Synchronous	boolean	If set, the ingester will perform a sync on the ingest connection every time a Kafka batch is written.
Batch-Size	integer	The number of entries to read from Kafka before forcing a write to the ingest connection; the default is 512.

These parameters give some standard Gravwell ingester configuration options related to timestamps, timezones, and the source field. See the general ingester configuration page for more information about these parameters.

Parameter	Type	Descriptions
Source-Override	IPv4 or IPv6	An IP address to use as the SRC for all entries.
Ignore-Timestamps	boolean	If set, the ingester will apply the current timestamp to all received entries, ignoring Kafka timestamps.
Extract-Timestamps	boolean	If set, the ingester will ignore the Kafka timestamps and attempt to extract a timestamp from the entry’s contents.
Assume-Local-Timezone	boolean	If set, when extracting timestamps from entries the timezone will be assumed to be local, if not explicitly set.
Timezone-Override	string	If set, timestamps will be parsed in the given timezone, e.g. “America/New_York”.
Timestamp_Format_Override	string	Specifies a timestamp format, e.g. “RFC822”, to use when parsing timestamps.

As with most ingesters, each consumer may also specify preprocessors if needed.

Consumer Examples#

[Consumer "default"]
	Leader="127.0.0.1"
	Default-Tag=default   #send bad tag names to default tag
	Tags=*                #allow all tags
	Topic=default
	Tag-Header=TAG        #look for the tag in the Kafka TAG header
	Source-Header=SRC     #look for the source in the Kafka SRC header

# This consumer does not specify a Tags parameter, so all entries will get the Default-Tag
[Consumer "test"]
	Leader="kafka1.example.org" #leader one
	Leader="kafka2.example.org" #leader two
	Default-Tag=test
	Topic=test
	Consumer-Group=mygroup
	Synchronous=true
	Source-Header=SRC #A custom feeder is putting its source IP in the header named "SRC"
	Batch-Size=256 #get up to 256 messages before consuming and pushing
        # this config sets sticky as the preferred strategy but also offers roundrobin
	Rebalance-Strategy=sticky
	Rebalance-Strategy=roundrobin

Warning

Setting any consumer as synchronous causes that consumer to continually sync the ingest pipeline. It will have significant performance implications for ALL consumers.

Note

Setting a large Batch-Size when using Synchronous=true can help with performance under heavy load.

Authentication#

The Kafka ingester supports the following SASL authentication mechanisms: PLAIN, SCRAMSHA256, and SCRAMSHA512. To enable authentication set the Auth-Type configuration parameter to the desired authentication type and provide a Username and Password.
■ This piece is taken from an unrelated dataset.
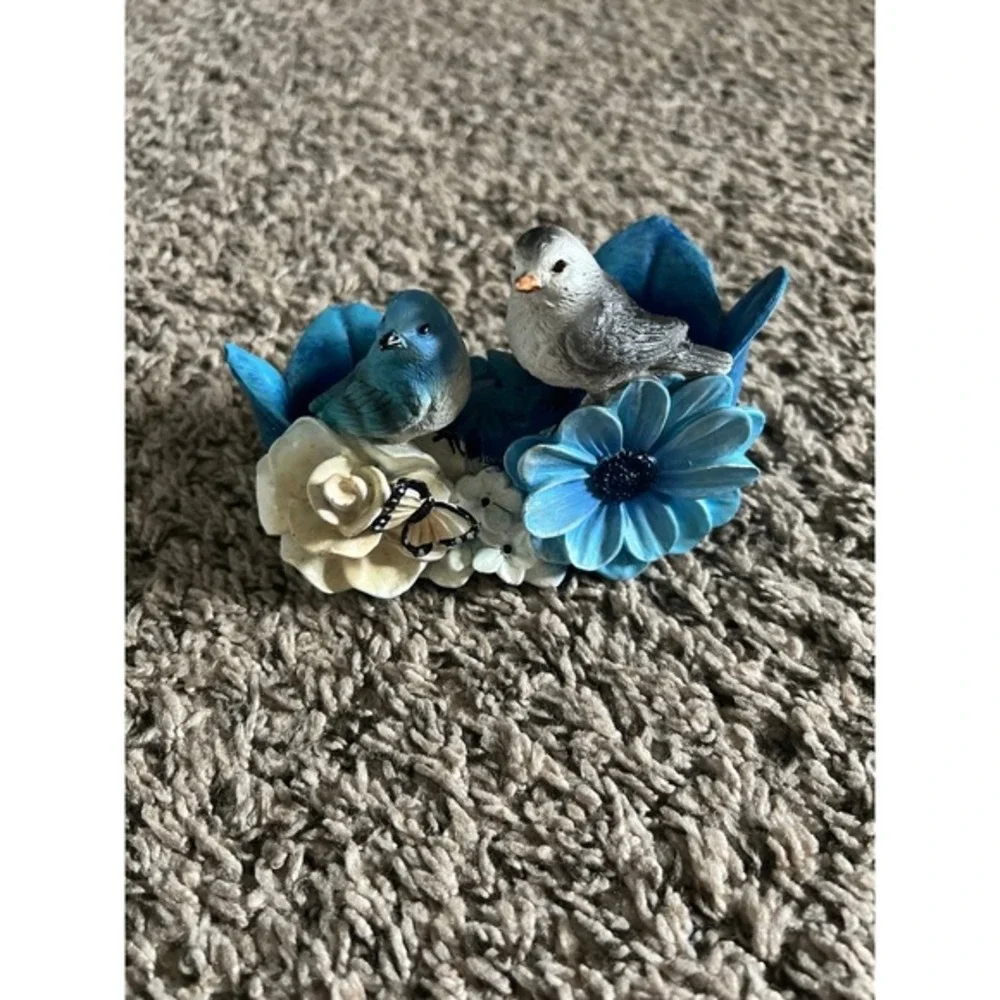 Blue‎ and Gray Bird Floral figurine approximately 5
Each consumer must set its own authentication.

The following is a valid configuration snippet from a listener named tester using plaintext authentication:

[Consumer "tester"]
	Leader="127.0.0.1"
	Default-Tag=default   #send bad tag names to default tag
	Tags=*                #allow all tags
	Topic=default
	Auth-Type=plain
	Username=TheDude
	Password="a super secret password"

Valid Auth-Type options are plain, scramsha256, and scramsha512.

Example Configuration#

Here is an example configuration that is subscribing to two different topics using two different consumer groups.

[Global]
Ingest-Secret = IngestSecrets
Connection-Timeout = 0
Pipe-Backend-target=/opt/gravwell/comms/pipe
Log-Level=INFO
Log-File=/opt/gravwell/log/kafka.log

[Consumer "default"]
	Leader="tasks.kafka.internal"
	Default-Tag=default
	Tags=*
	Topic=default
	Consumer-Group=gravwell1
	Batch-Size=256


[Consumer "test"]
	Leader="tasks.testcluster.internal:9092"
	Default-Tag=test
	Topic=test
	Consumer-Group=testgroup
	Source-Override="192.168.1.1"
	Rebalance-Strategy=range
	Batch-Size=4096